- Education: Columbia University (B.A.); University of California, Berkeley (Ph.D.);
- Known for: CRISPR–Cas systems, discovery of CRISPR-associated transposons, genome engineering, science communication
- Awards: NIH Director’s New Innovator Award; Alfred P. Sloan Research Fellowship; Pew Biomedical Scholar; (Other awards can be added)
- Scientific career
- Fields: Biochemistry, Molecular Biophysics, Genome Engineering
- Workplaces: Columbia University
- Thesis: Mechanism and engineering of CRISPR-associated endonucleases (2014)
- Doctoral advisor: Jennifer A. Doudna

= Samuel H. Sternberg =

American biochemist

Samuel H. Sternberg is an American protein–RNA biochemist known for his research on CRISPR–Cas gene editing technology. He is an associate professor in the Department of Biochemistry and Molecular Biophysics at Columbia University and an Investigator with the Howard Hughes Medical Institute. His research focuses on the molecular mechanisms of CRISPR–Cas systems and the development of genome engineering tools. In addition, Dr. Sternberg is known for his science communication efforts, including public lectures and media appearances discussing the ethical and societal implications of genome editing.

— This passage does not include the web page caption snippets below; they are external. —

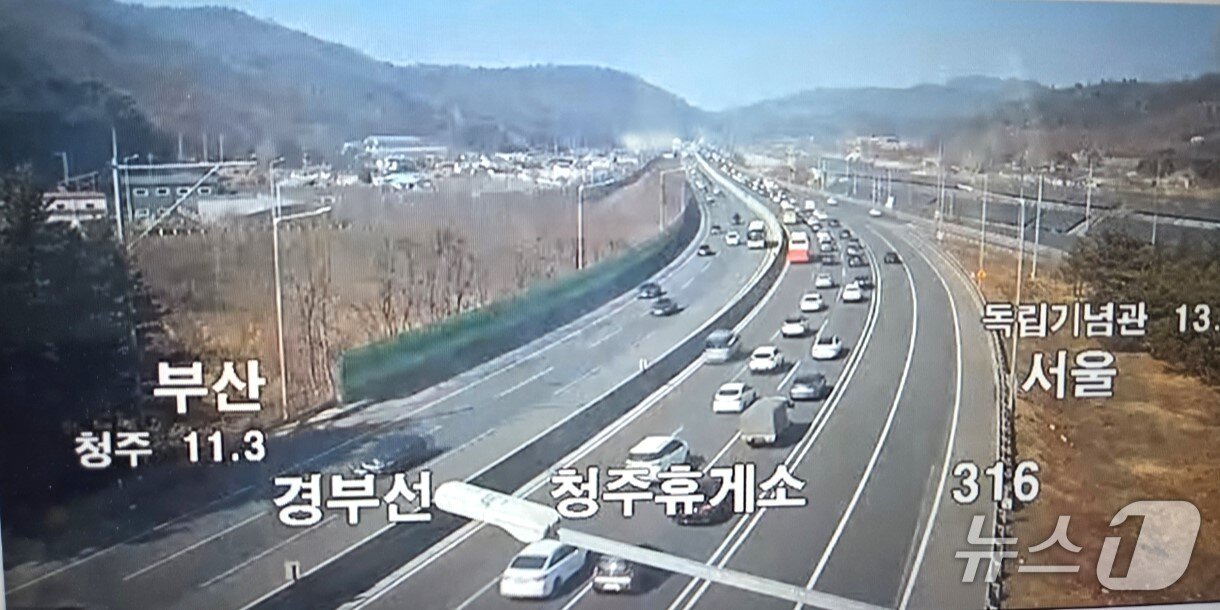 본문 이미지 - 18일 오전 낮 12시 기준  경부고속도로 청주휴게소 일대 구간  모습(한국도로공사 캡처)/뉴스1
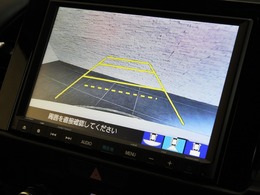 バックカメラが装備されており、後方の安全確認はもちろんのこと狭い場所での駐車や雨の日・夜間など視界の悪いコンディションでのストレスの軽減にもなります！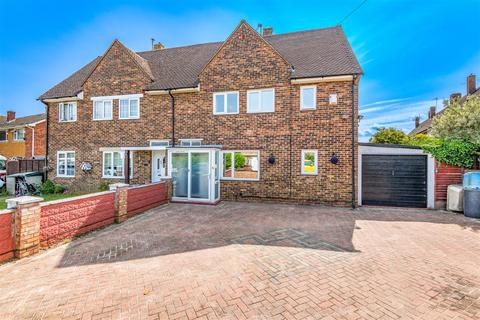 3 bedroom semi-detached house for sale, Marsh Way, Larkfield, Aylesford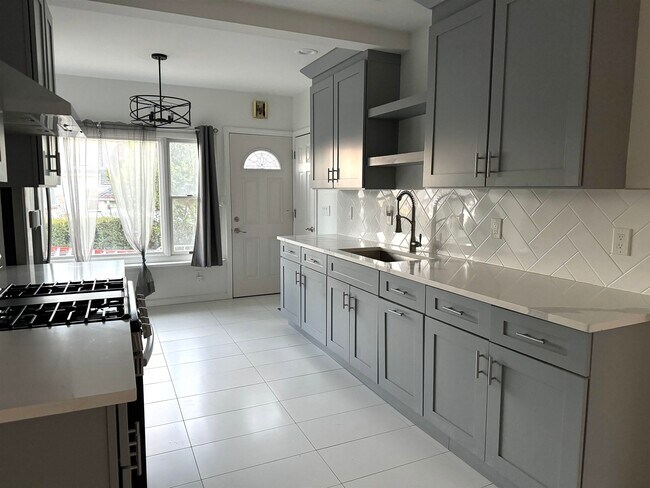 Foto del edificio - 143 W 2nd St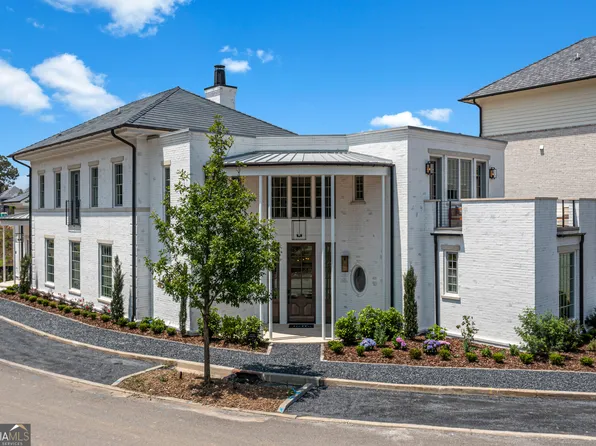 280 4th St, Fayetteville, GA 30214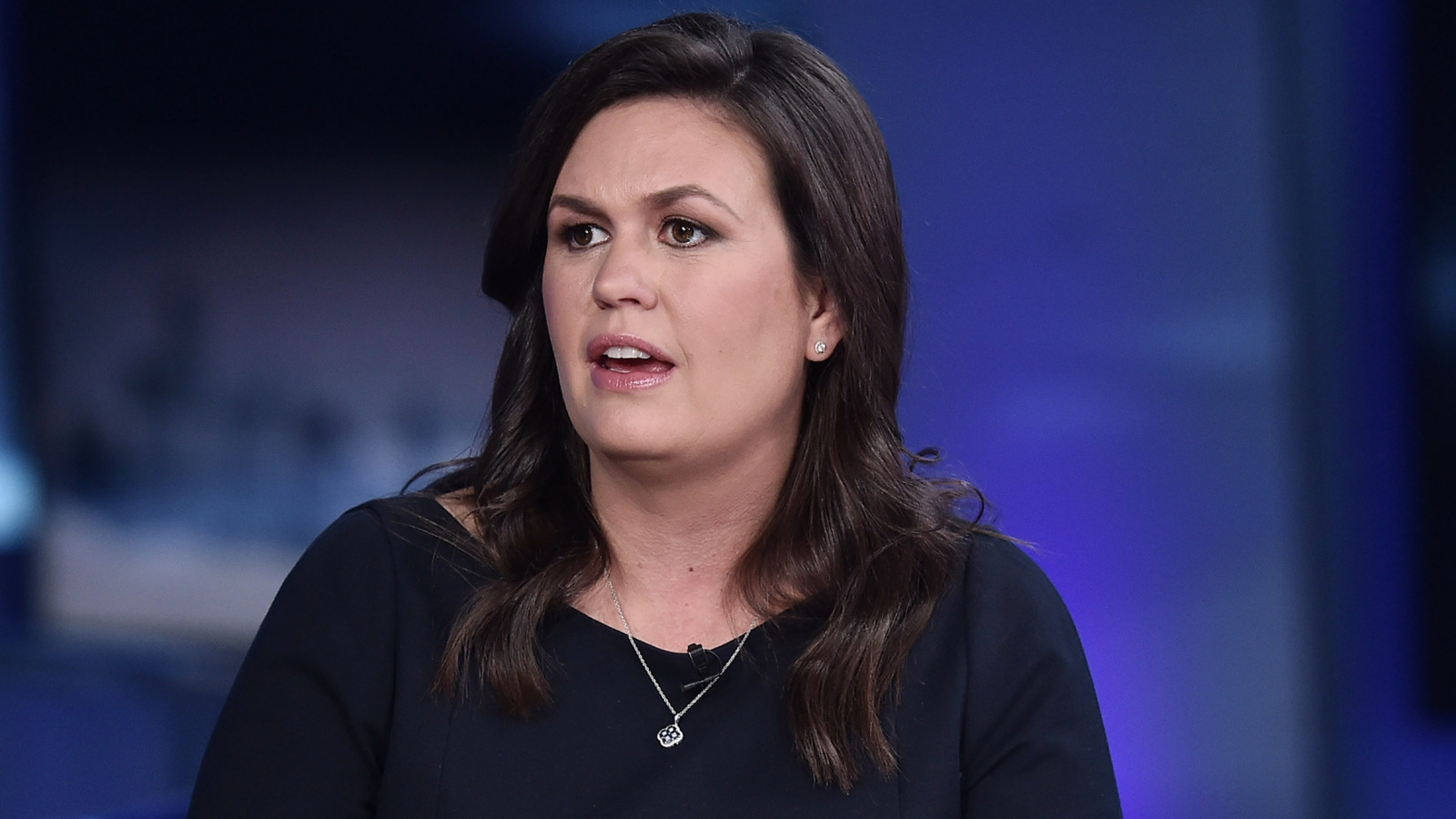 Sarah Huckabee Sanders Fashion Fail Doesn't Do Her Weight Loss - Sarah Huckabee Sanders Measurements: Height, Weight & Personal Details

== Early life and education ==
Sternberg was born and raised in Lancaster, Pennsylvania. He earned his B.A., in biochemistry from Columbia University in 2007, graduating summa cum laude, and later received his Ph.D. in chemistry from the University of California, Berkeley in 2014, where he worked in the laboratory of Professor Jennifer A. Doudna.

== Career ==
After completing his doctoral studies, Sternberg worked briefly as a postdoctoral researcher and later as a Scientist and Group Leader at Caribou Biosciences, a biotechnology company specializing in genome engineering applications. In February 2018, he began his independent academic career at Columbia University, where he holds an appointment in the Department of Biochemistry and Molecular Biophysics. His laboratory investigates the mechanisms of CRISPR–Cas systems, including the discovery of CRISPR-associated transposons, and develops new tools for genome engineering.

== Research and contributions ==
Sternberg's work has significantly advanced our understanding of CRISPR–Cas systems. His doctoral and postdoctoral research focused on the mechanism of RNA-guided DNA targeting by CRISPR–Cas9, and his laboratory has further pioneered the discovery of CRISPR-associated transposons that enable RNA-guided DNA integration. His research has been published in high-impact journals such as Nature, Science, and Cell. In addition to his research publications, he is a co-author (with Jennifer Doudna) of the popular science book A Crack in Creation, which discusses the discovery and implications of CRISPR technology.

Other contributions include:

- Demonstrating the mechanism of RNA-guided DNA targeting by CRISPR–Cas9, elucidating how Cas9 interrogates and cleaves DNA with high specificity.

- Contributing to the discovery and characterization of CRISPR-associated transposons that enable RNA-guided DNA integration, thereby expanding the toolkit available for genome engineering.

- Developing methodologies to improve the specificity of CRISPR–Cas systems by investigating off-target effects and optimizing guide RNA design.

- Advancing genome engineering tools through structural studies that revealed RNA-mediated conformational activation of Cas9, thereby informing the rational design of improved CRISPR-based technologies.

== Media coverage and public engagement ==
Sternberg has been featured in various news outlets and interviews discussing the transformative potential and ethical implications of CRISPR technology. For example, his work and viewpoints have been covered in The New York Times, which highlighted the promise and challenges of genome editing. He has also delivered a TEDMED talk on CRISPR's impact on human health and ethics. In addition, his insights on genome engineering have been featured on podcasts such as DNA Today.

== Awards and honors ==
Sternberg has received several awards that recognize his contributions to genome engineering and CRISPR research, including:
- Howard Hughes Medical Institute Investigator
- NIH Director's New Innovator Award
- Alfred P. Sloan Research Fellowship in Chemistry
- Pew Biomedical Scholar
- Additionally, he has been recognized as a Schaefer Research Scholar and has received other accolades throughout his career.

== Selected publications ==
- O’Connell, M.R., Oakes, B.L., Sternberg, S.H., East-Seletsky, A., Kaplan, M., Doudna, J.A. “Programmable RNA recognition and cleavage by CRISPR/Cas9.” Nature 516 (2014): 263–266.
- Sternberg, S.H., LaFrance, B., Kaplan, M., Doudna, J.A. “Conformational control of DNA target cleavage by CRISPR-Cas9.” Nature 527 (2015): 110–113.
- Sternberg, S.H., et al. “DNA interrogation by the CRISPR RNA-guided endonuclease Cas9.” Nature 507 (2014): 62–67.